Once we know the blocked IP, it can be unblocked with the following command:
sudo fail2ban-client set <JAIL> unbanip <IP_TO_UNBLOCK>
Here you have some examples to unblock IP 4.4.4.4:
For SSH and SFTP connections:
sudo fail2ban-client set sshd unbanip 4.4.4.4
For Nextcloud, Owncloud, Rainloop (webmail) or other application that works over Apache:
sudo fail2ban-client set apache unbanip 4.4.4.4
For the control panel:
sudo fail2ban-client set mxcp unbanip 4.4.4.4
For imap and pop3 (access to emails)
sudo fail2ban-client set dovecot unbanip 4.4.4.4
For smtp (send e-mails):
sudo fail2ban-client set sasl unbanip 4.4.4.4
The jails enabled by default in MaadiX are: sshd, ssh-ddos, apache, dovecot, mxcp and sasl.
To check the status of each jail and see which IPs are blocked, you can run this command:
sudo fail2ban-client status <JAIL>
To check the status of each jail and see which IPs are blocked, you can this command:
sudo fail2ban-client status
You can check fail2ban logs at: /var/log/fail2ban.log
If you want to investigate more about fail2ban, you can visit the official Fail2ban website.

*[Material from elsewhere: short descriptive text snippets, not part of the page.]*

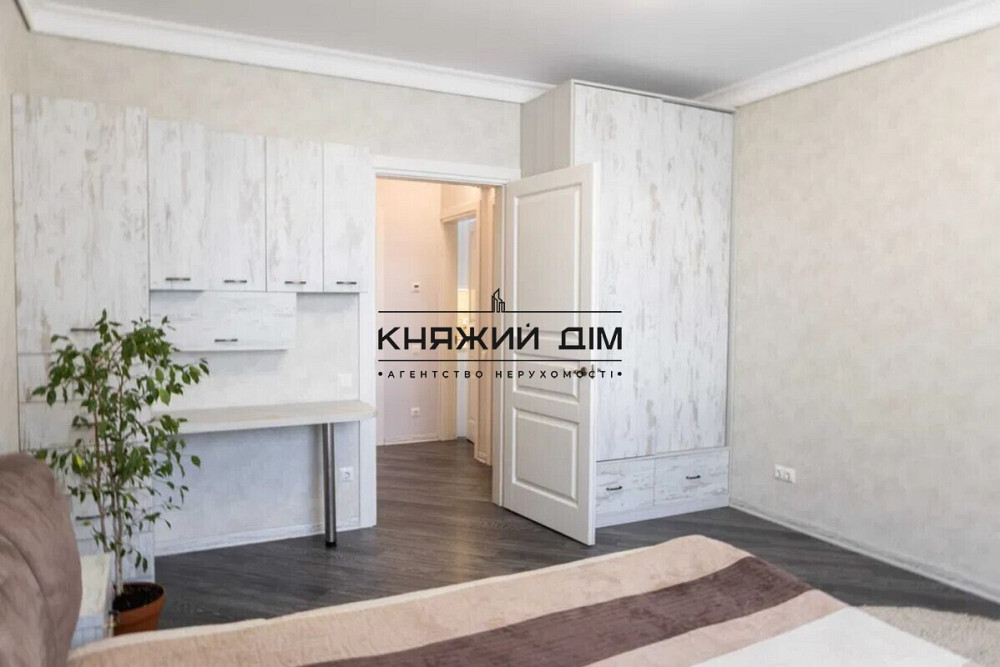 Продаж 2-кімнатної роздільної квартири в ЖК Яскравий. № 21146426 Київ - фото 17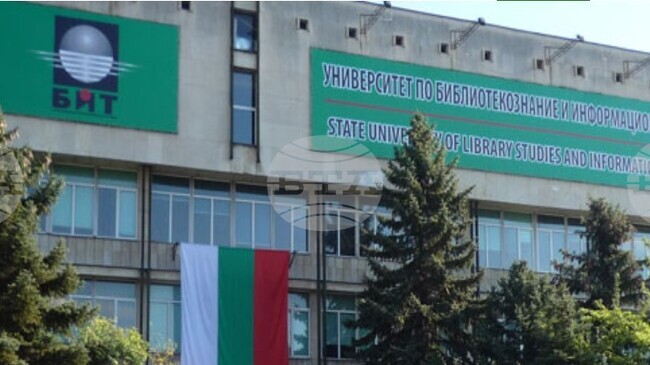 59 International Students Study at University of Library Studies and Information Technologies 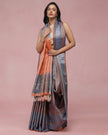 Vinyasa Saree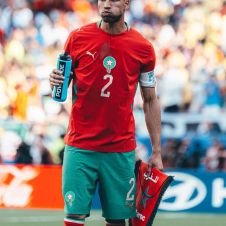 Juicio de Achraf Hakimi: Francia rechaza recurso del jugador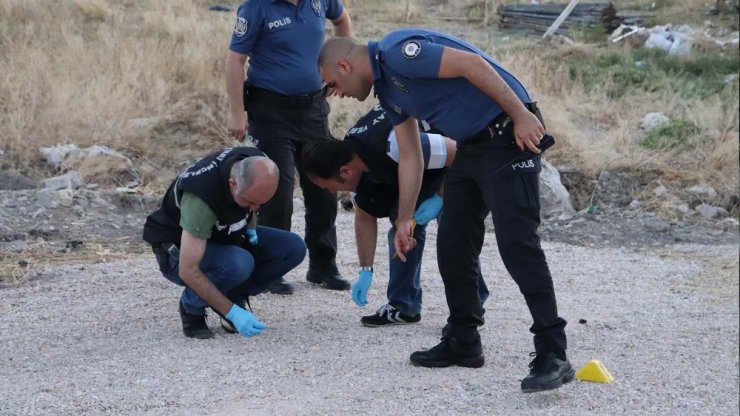 Önce İçtiler Sonra Sıktılar!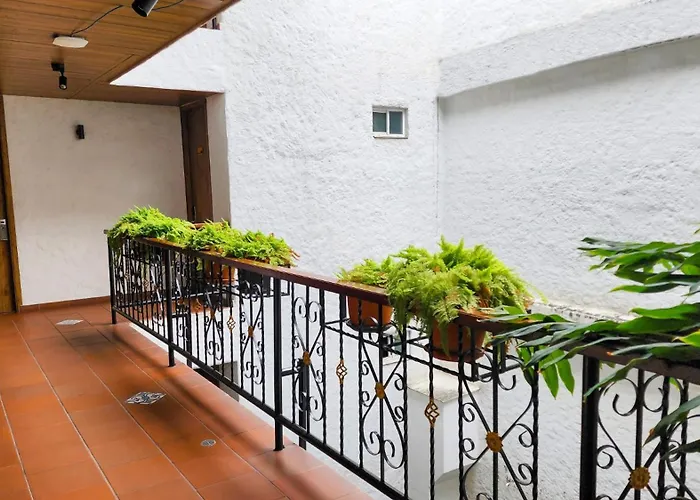 Casa del Hidalgo Hotel - Business&Leisure
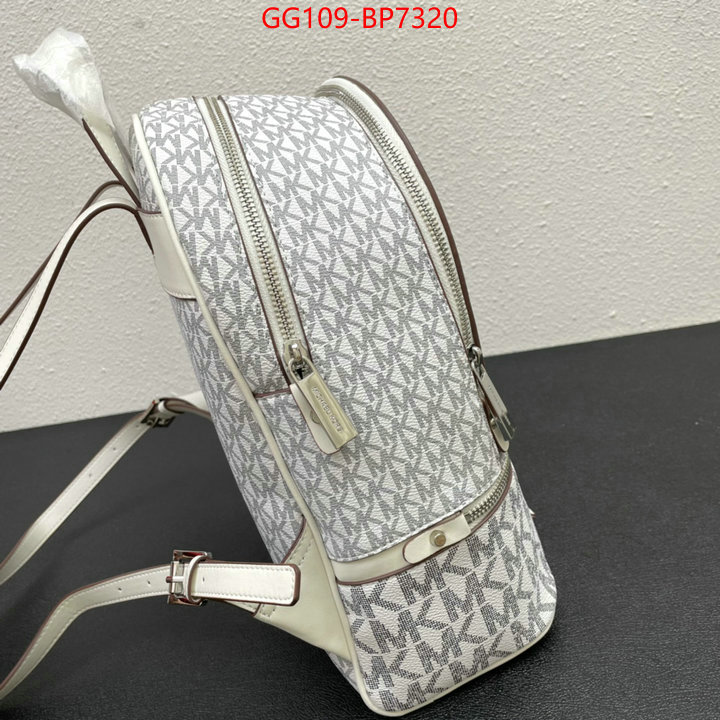 Michael Kors Bags(4A)-Backpack-,knockoff highest quality ,ID: BP7320,$: 109USD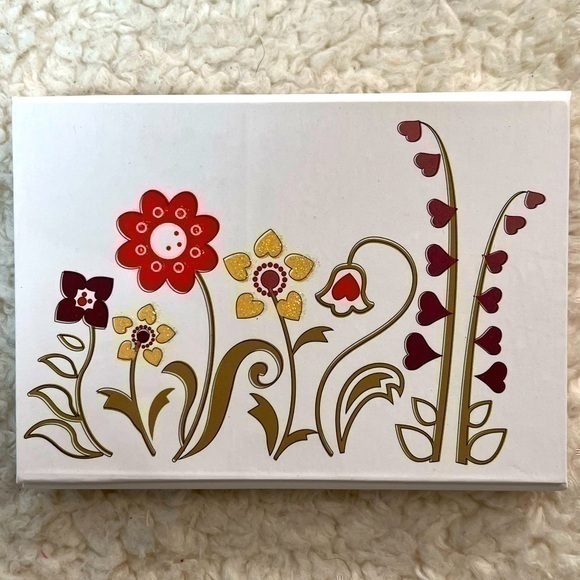 💝3/$12 UWP "Hedgehog" Pop-Up Notepad - Picture 1 of 4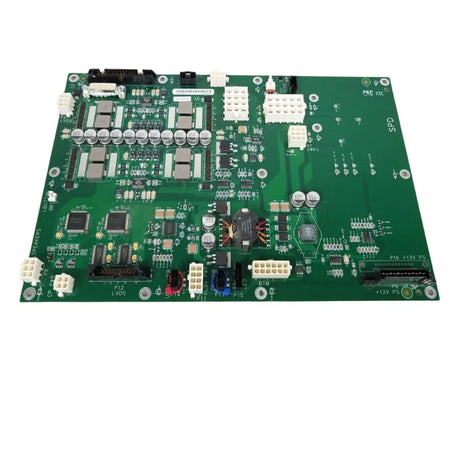 Philips IU22 Ultrasound SPD Board 453561264873 Rev A Philips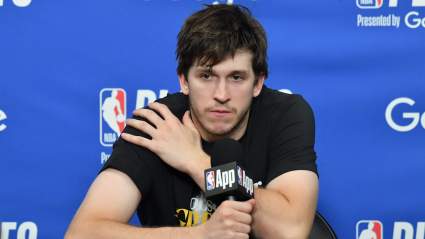 Los Lakers reciben un duro ultimátum a Austin Reaves tras una mala actuación en los playoffs.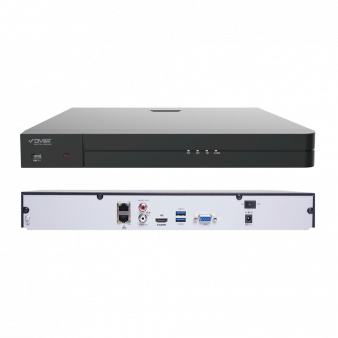 DVN-6925 v2.0 Divisat Сетевой 16-ти канальный видеорегистратор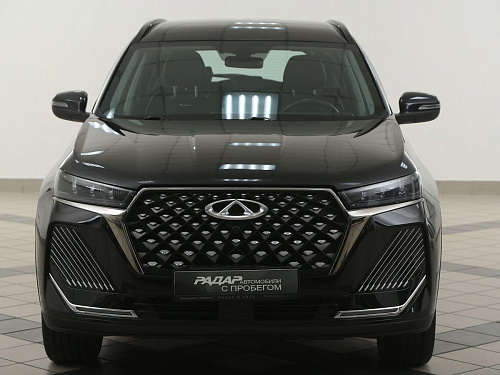 Chery Tiggo 7 Pro Max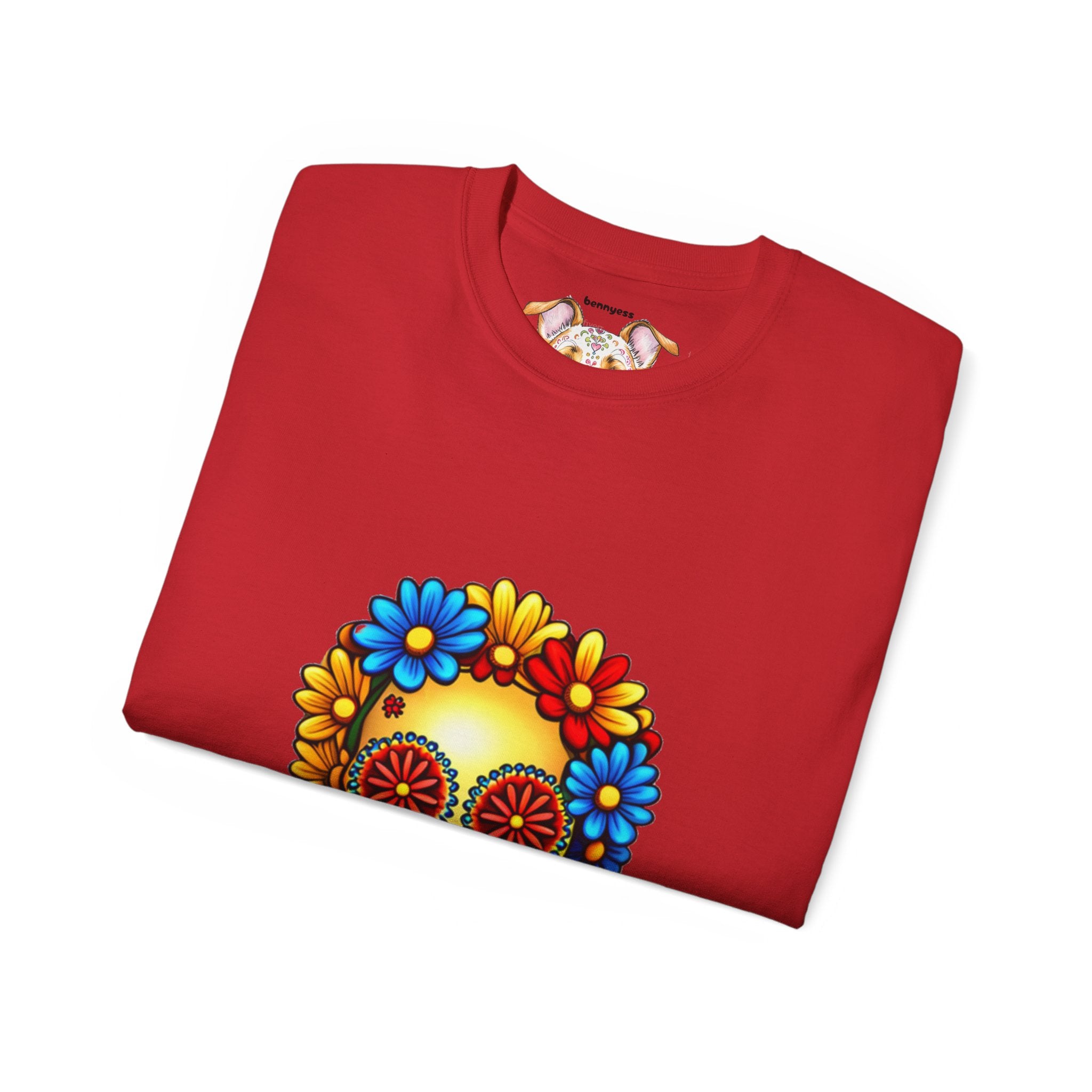 Bennyess Epic & Unique Design t-Shirt Collection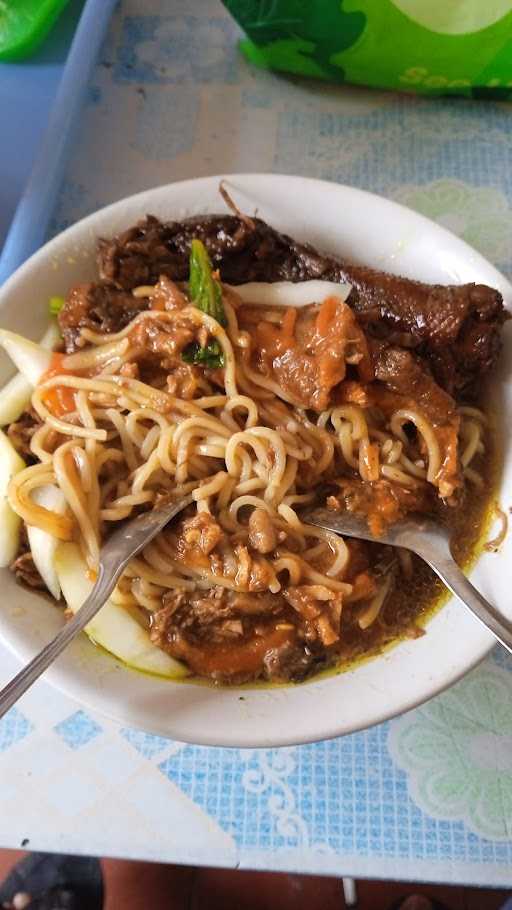 Mie Ayam Pak De 3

For Tally2, you can check the failed attempt counter for a given account with the following command:
# pam_tally2 --user=maadix
In the following case, we see that for the maadix account there are 5 failed attempts.
Login Failures Latest failure From maadix 5 01/01/21 21:22:37 172.11.11.51
It can be unlocked by resetting the counter as follows
# pam_tally2 --user=maadix --reset
If we launch the previous command again, the counter will return 0 and the maadix account will no longer be locked.